Expert Reports and Testimony in Family Law Cases

The culmination of a financial expert’s work in a divorce or child support case is the expert report. This is followed by testimony, at deposition and possibly trial. The process of reporting and testifying should not be taken lightly, as these tasks make the financial analysis come to life.

The forensic accountant or financial analyst will complete a lifestyle analysis or other financial analysis, typically producing a report that can be understood by non-accountants. The financial expert always runs the risk that a user of the report will not understand it. This is especially precarious when the user of the report is the judge in the family law case.

The Report

Although a written report is not necessarily required of a financial expert in a family law case, a written report is recommended because it is the best way to present complicated financial issues. The report is a roadmap of the financial issues for the attorneys and the judge.

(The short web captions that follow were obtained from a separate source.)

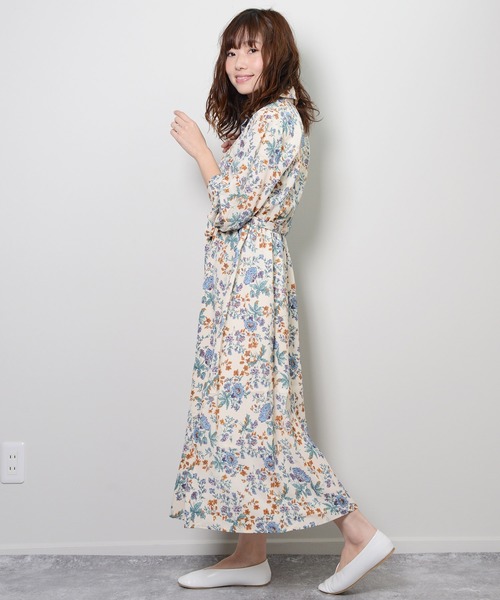 shopnikoniko(ショップニコニコ)の「花柄オープンカラーワンピ(ワンピース・レディース・グリーン/オフホワイト・フリー)」の6枚目の写真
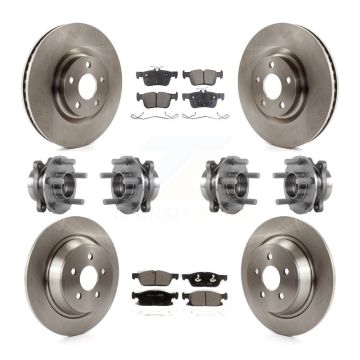 Front Rear Hub Bearings Disc Brake Rotors And Pads Kit (10Pc) For Lincoln Continental AWD KBB-116291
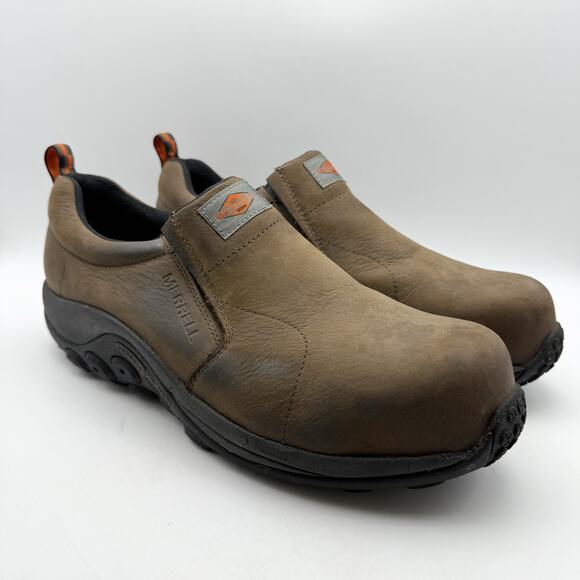 Merrell Mens Jungle Moc Toe Work Shoes US 15 M Brown Suede Slip On CT NIB - Picture 5 of 12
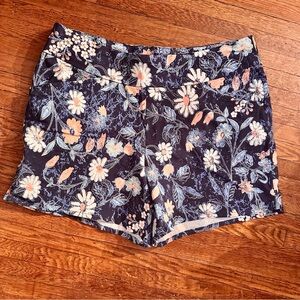 INC International Concepts Mid Rise Stretchy Pull On Floral Blue Shorts 18 2X
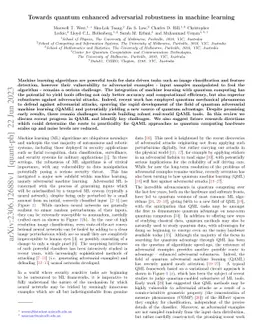 Towards quantum enhanced adversarial robustness in machine learning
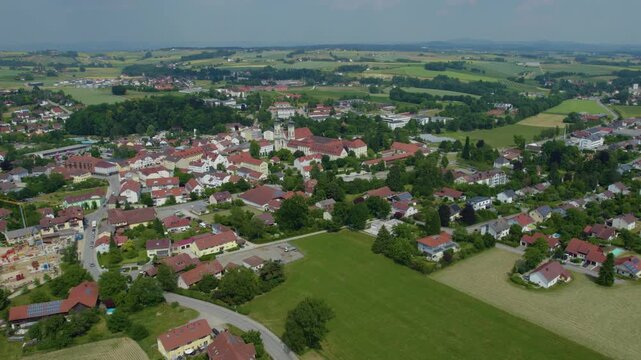 Aerial view around the old town of Falkenstein in Germany., Bavaria on a sunny morning in spring.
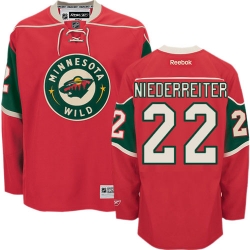 Nino Niederreiter Reebok Minnesota Wild Premier Red Home NHL Jersey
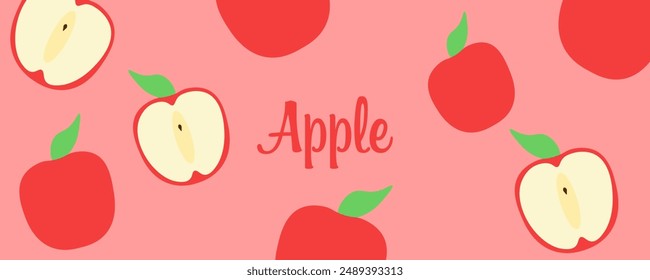 Apple banner. Fruits background. Flat style. Vector illustration.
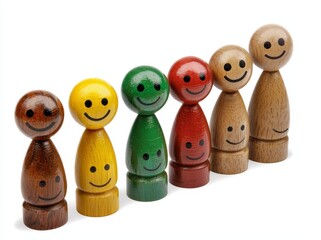 A minimalist approach to the satisfaction and business growth process with emojis, emotion faces and wooden balls.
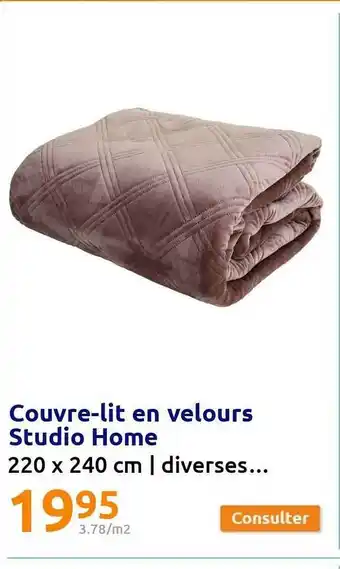 Action Couvre-lit en velours studio home offre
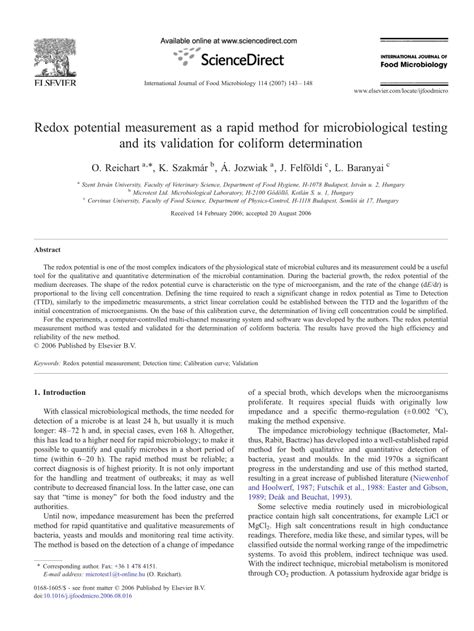 (PDF) Redox potential measurement as a rapid method for microbiological ...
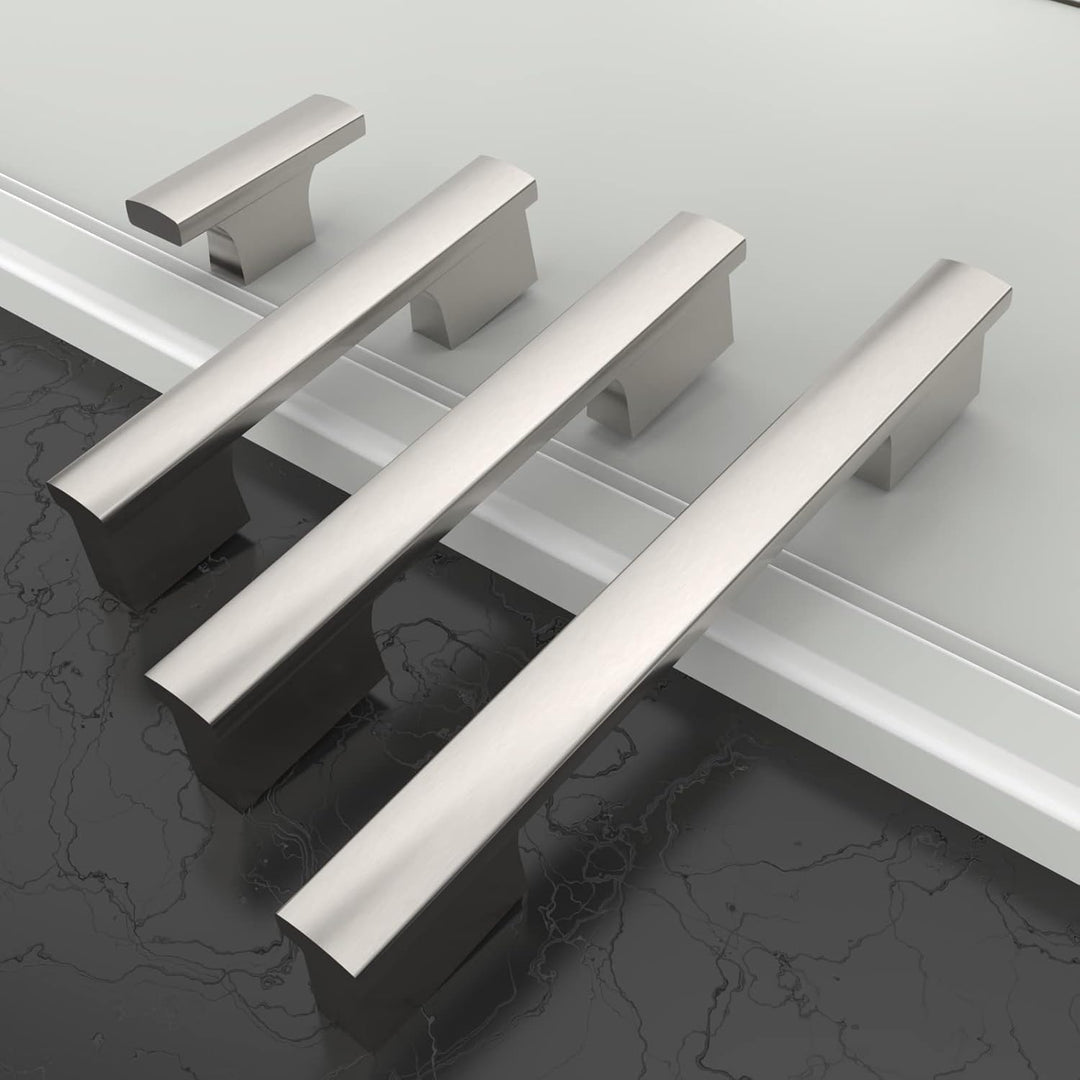 Amerdeco 10 Stück Möbelgriffe Gebürsteter Nickel 96mm Lochabstand Schubladen Griffe für Küchenschrän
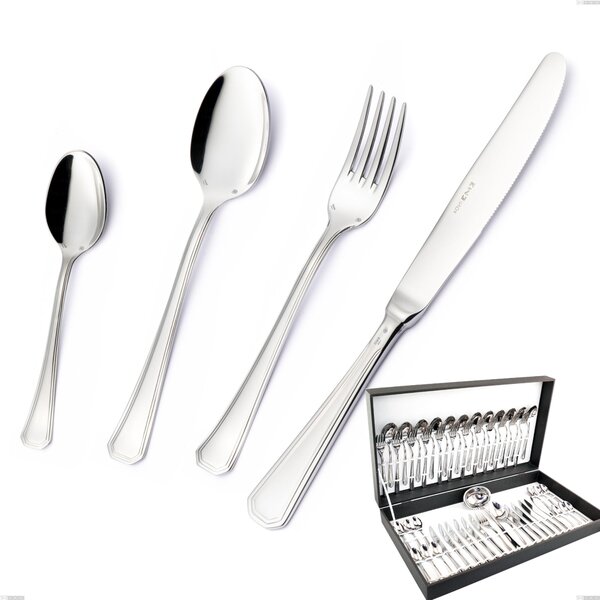 Savoia Argento 8 micron 51-piece Cutlery Set, Stainless Steel Aisi 304 Silver Finish, 8 Micron Silver Thickness, 3 mm Cutlery Thickness in Canteen Box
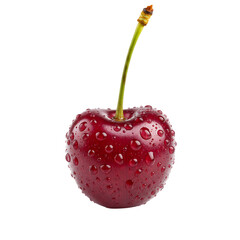 Close-up of a single red cherry covered in fresh water drops, isolated on white or transparent background. PNG
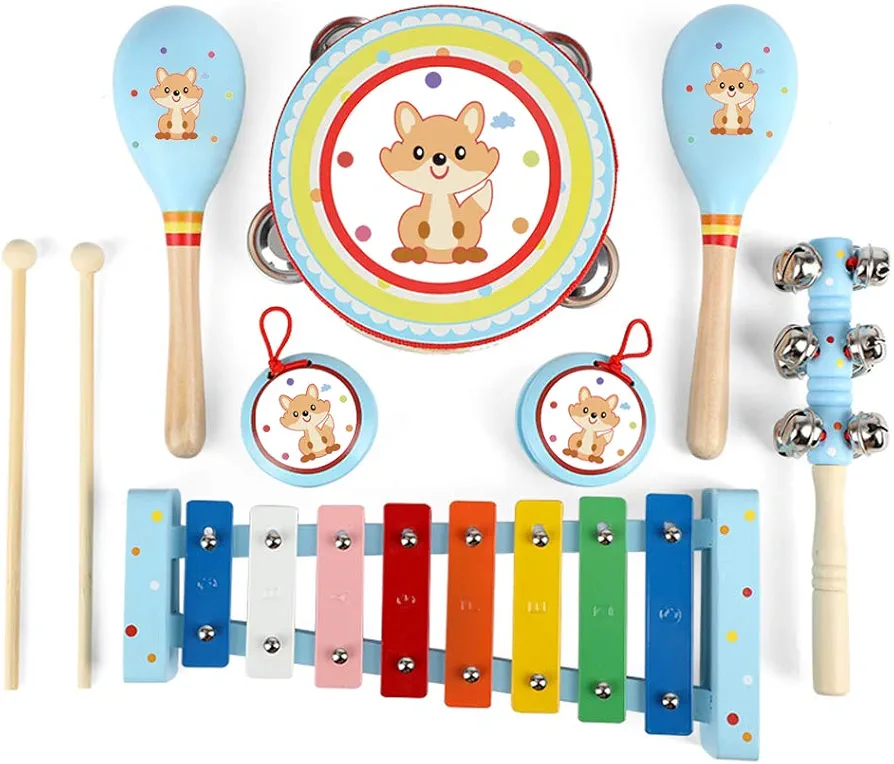 Kids Musical Instruments Sets, 12pcs Wooden Percussion Instruments Toys Tambourine Xylophone for Kids Playing Preschool Education, Early Learning Musical Toys for Boys Girls Gift (Blue)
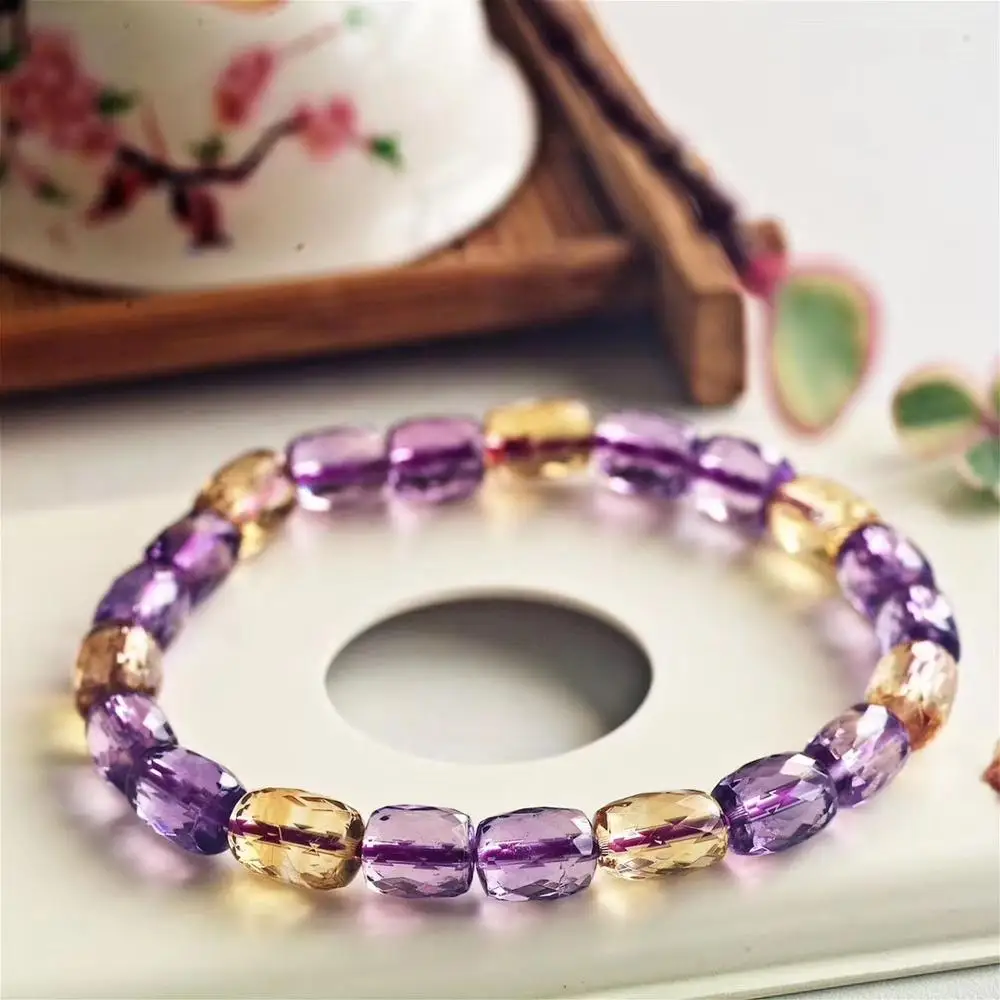 Natural Amethyst CItrine Quartz Yellow Purple Bracelet Women Faceted Barrel Beads Crystal 6x7mm Stretch AAAAA
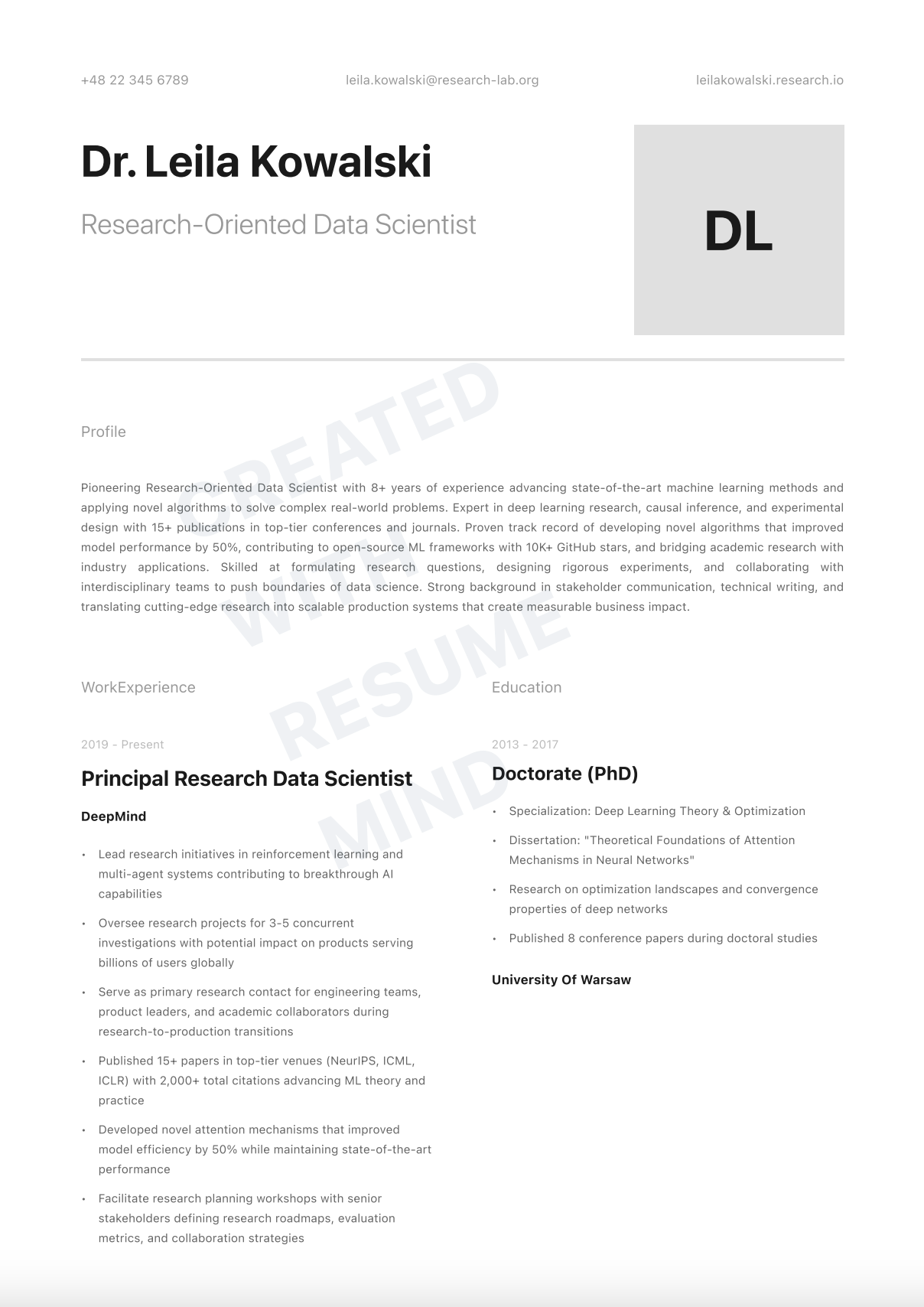 Research-Oriented Data Scientist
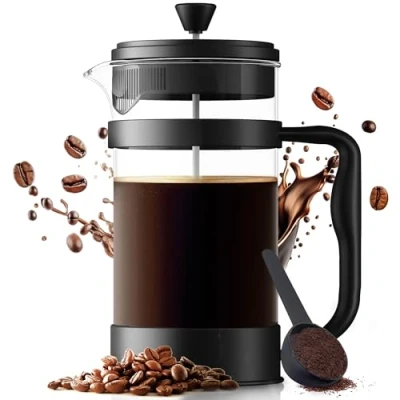 Image of KICHLY 1000ml Cafetiere 8 Cup French Press Coffee Maker, and Tea Maker with Triple Filters, Heat Resistant Borosilicate Glass Caffettiere Steel Plunger, Black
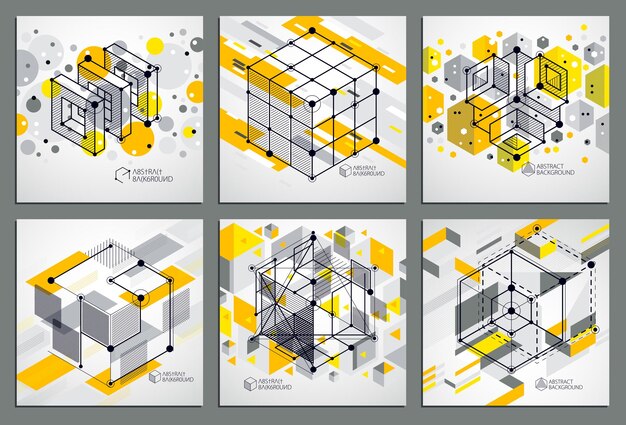 Isometric abstract yellow backgrounds set with linear dimensional cube shapes, vector 3d mesh elements. Layout of cubes, hexagons, squares, rectangles and different abstract elements.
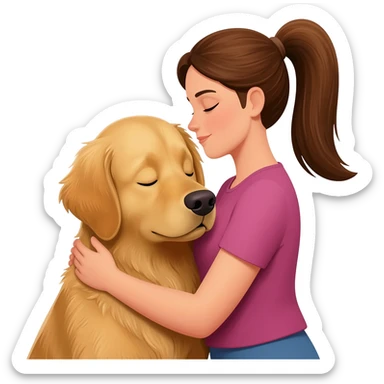 woman using ponyhair brownhair is hugging a golden retriever dog sticker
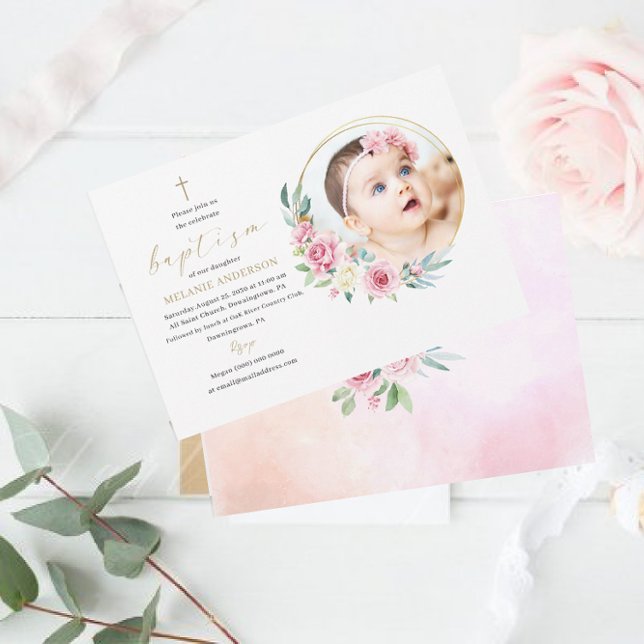 Invitation Baptême élégant Événement religieux photo personna (Créateur téléchargé)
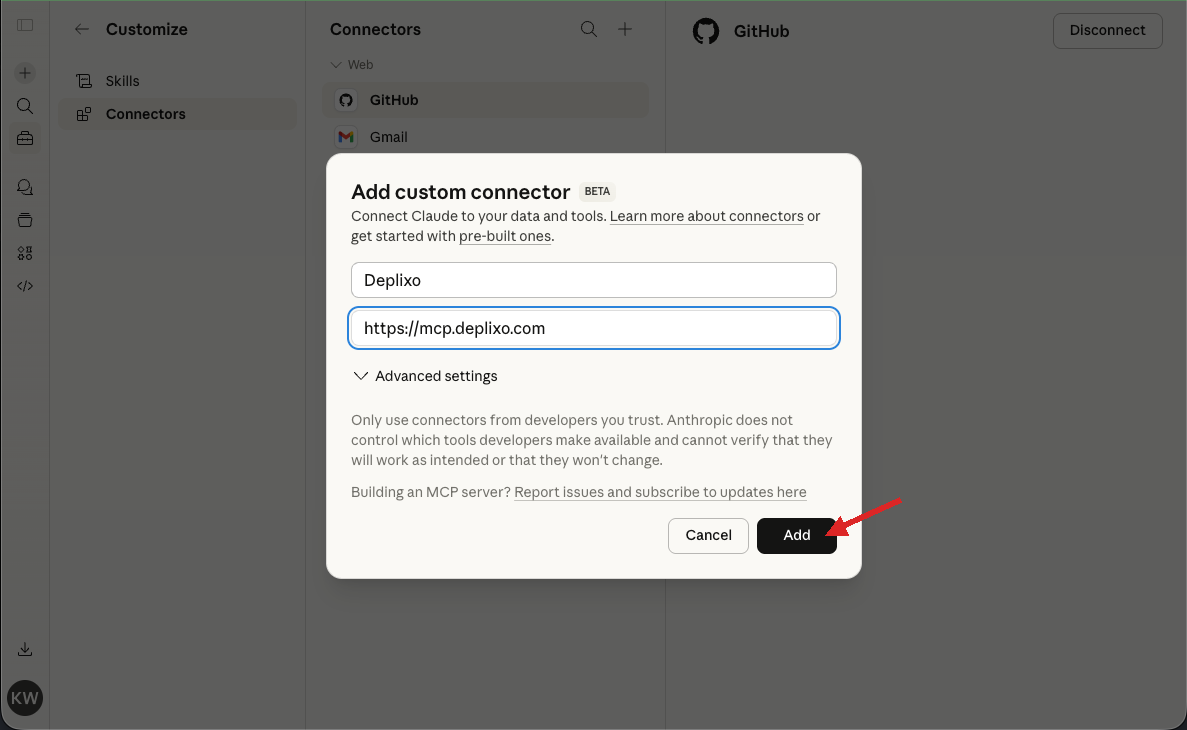 Add custom connector dialog with Deplixo name and mcp.deplixo.com URL filled in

The key to a good report is that it is well organized and understandable by people with no accounting background. While there is no standard format for a report on a lifestyle analysis or other financial analysis in a family law case, there are five recommended sections for the written report in a family law case:

  • Background – This is a short summary of the financial issues in the case and the engagement agreed to by the expert. It defines the issues on which the expert was retained to opine, and sets the stage for explaining the analysis the expert completed.
  • Documentation – The forensic accountant or financial expert provides a summary of the documents and other information made available to him or her for analysis.
  • Analysis – In this section, the expert explains the information analyzed and the procedures used to evaluate the numbers. If estimates were used during the financial analysis, they should be explained here, including the reasons why and how the estimates were made. This section could be very lengthy and detailed, especially if there was substantial analysis that needs to be described.
  • Opinions –The opinion section of the report is the most important, and will most likely include an explanation of the methodology used and the calculations made. More thorough explanations can lend credibility to the expert’s work and opinions.
  • Attachments – If the expert has referred to exhibits or attachments in the body of the report, they should be included at the back of the report. Often the attachments will include only the most important pieces of evidence or spreadsheets with detailed calculations.

Testifying

A competent expert witness must not only be a good writer, he or she must also be able to communicate findings orally. It is always advisable for the family lawyer and the financial expert to walk through testimony prior to depositions and trials.  During preparation, the attorney can share the litigation strategy with the expert so that the expert can keep it in mind as he or she prepares for testimony.

When preparing, it is advisable to consider things that opposing counsel may try to use to his or her advantage. Opposing counsel may try to diminish the credibility of the expert, or may point out errors or weaknesses in the expert’s report. The financial expert should prepare for criticism and consider how she or he will respond during testimony.

Court testimony can be enhanced with visual aids. Some people do not learn well with only auditory information, and need visual information in order to fully comprehend information. Graphs and charts relative to the numbers in a divorce case can ensure that the judge has a full understanding.

Working With Your Expert

A good working relationship between the family lawyer and the financial expert is the key to a successful engagement. The expectations for the expert must be clear from the start, including the scope of work, the topics on which opinions are sought, and the form that the final report will take.

The attorney and the expert must be candid with one another throughout the process. If the work load or deadline is unmanageable, that must be communicated. If the opinions being developed by the expert are not in line with the attorney’s expectations, this must be discussed in case the attorney wants to amend the scope of work or abandon the project.